July 26, 2021
Letter to the Editor
Dear Editor:
Gregg Garrett, a senior columnist for Baptist News Global, wrote recently about the recent Southern Baptist Convention in Nashville. A few quotations from his essay are forthcoming.
- “While Litton (new president of SBC) wants to be a bridge-builder, large numbers of people in the SBC see the dwindling denomination as having drifted too far to the left and they intend to take steps to help it dwindle even more.”
- “When the church makes its top priority seeking political power, it’s never politics that changes. It’s the church.”
- “All these political and cultural litmus tests for Southern Baptists are meant to build barriers, to contract the tent, when the gospel message is to engage the whole world.”
- “What the world needs now is a thriving denomination willing to testify to the life-changing grace of God. … Bigger, not smaller. More faithful, not more pure.”
On the last quote these thoughts: Much religion spends much of its time and energy deciding who will sit at the table. May we recall that these sat at Jesus’ last supper? Peter, the denier; Thomas, the doubter; Judas, the betrayer. His closest three disciples slept while he prayed in Gethsemane, yet he left with them following him. Of course, Jesus cares about purity; but he cares more about faith, loyalty and discipleship.

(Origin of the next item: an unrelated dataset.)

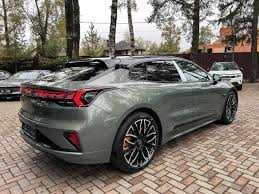 zeekr 001 me 4wd 100kwh podzakaz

“It is that loving Jesus who teaches us about setting aside our old ways of thinking and believing, of expanding the circle of grace instead of suffocating within it as it tightens like a noose” (more Garrett).

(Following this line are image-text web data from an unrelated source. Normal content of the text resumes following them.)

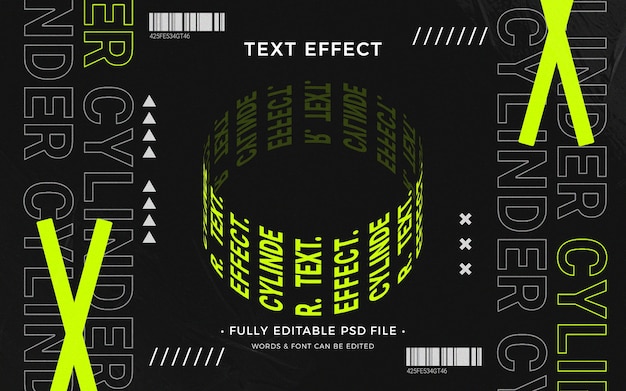hacker  text effect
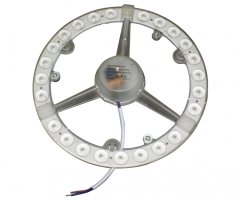 Светодиодный модуль с драйвером 27W 4000К (белый) Kink Light Кристалл (L074131)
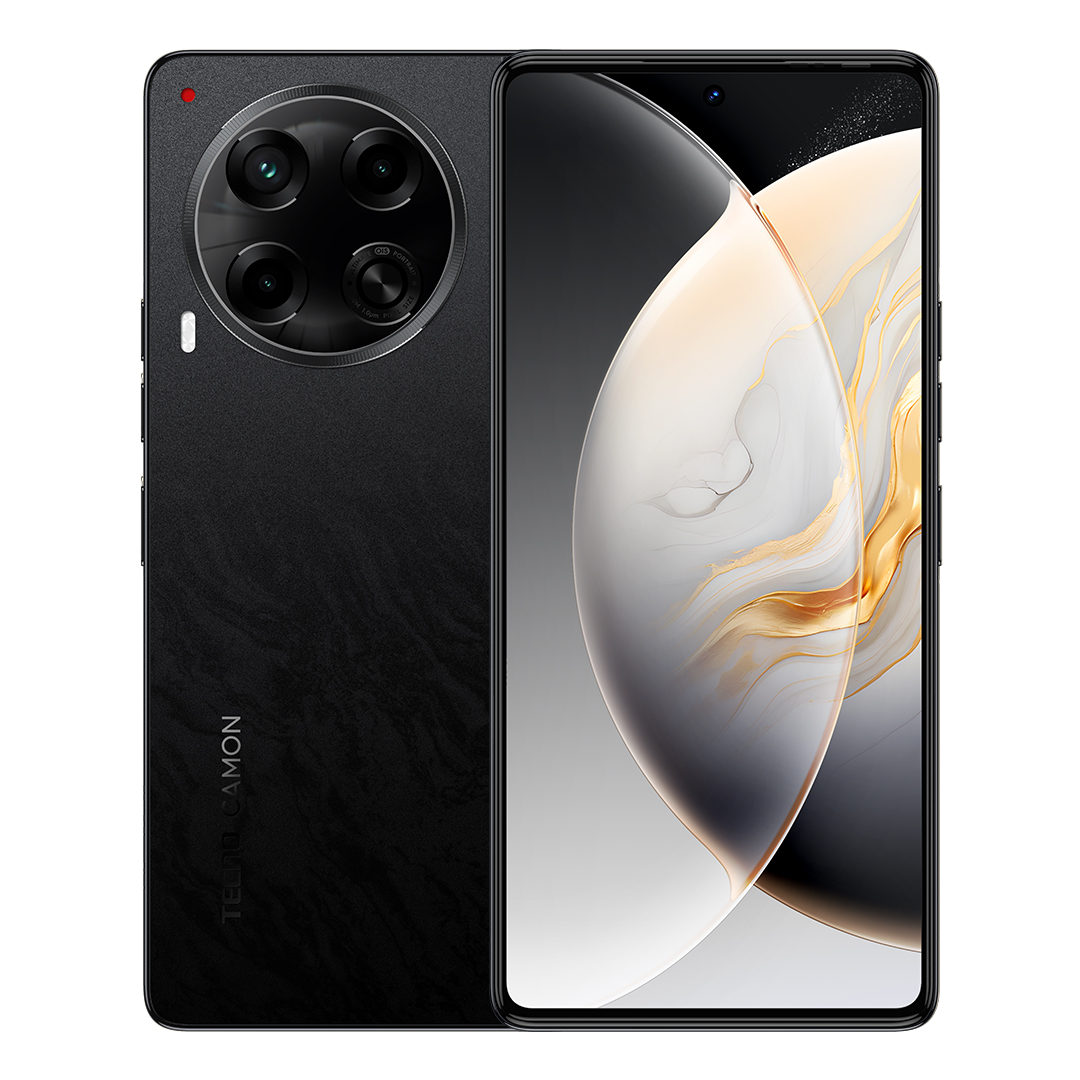 

Смартфон Tecno Camon 30 8+256GB, Basaltic Dark, Camon 30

What’s the old saying? “My brother drew a circle that left me out. God and I drew a circle that took him in.” We cannot all (or any) be perfectly pure, but we can all have faith, stand up and still walk behind Jesus.
Jesus’ ministry is filled with examples of people who had or sought faith, who reached for the hem of his garments, who climbed trees to see Jesus, and who sought his help whether it was a dead brother or child, a crippled man, a deaf or blind man. And he always responded with love without giving them a purity test. Maybe that’s what he meant when he said, “I have come to save sinners.”
Of course, we cannot have axe-wielding drunks at the Lord’s table, but questions of moral purity, reckless behavior, lapses of theological knowledge, differences in experience or opinion — these are to be dealt with by grace, not by our personal judgment values.
How saddened I am to recall those who said to me, “I am not worthy to partake of the Lord’s Supper” (because I have sinned or failed in this way or that). These were real people, with real lives — trying to follow Jesus and instead meeting church leaders who read more Leviticus and Revelation than John and Peter.
“Come unto me, all you who labor and are heavy laden and I will give you rest.”
So come to church tired, be denied the meal meant to give you strength and leave more weary than when you got there! How tragic that so many for so long have borne the burden of Phariseeism, legalism and judgmentalism when all along they were engulfed in the living grace of God in Jesus Christ.
All manner of denominations are suffering serious decline.
Perhaps because the young Baptist minister stood by his Communion table holding a pirate-motif flag that said, “We’re taking the ship back!”
He could have held a banner of the cross inscribed with these words:
“Christ for the world — for everyone!” That’s how far we’ve drifted and why white evangelicalism is dying. The world will not mourn its passing.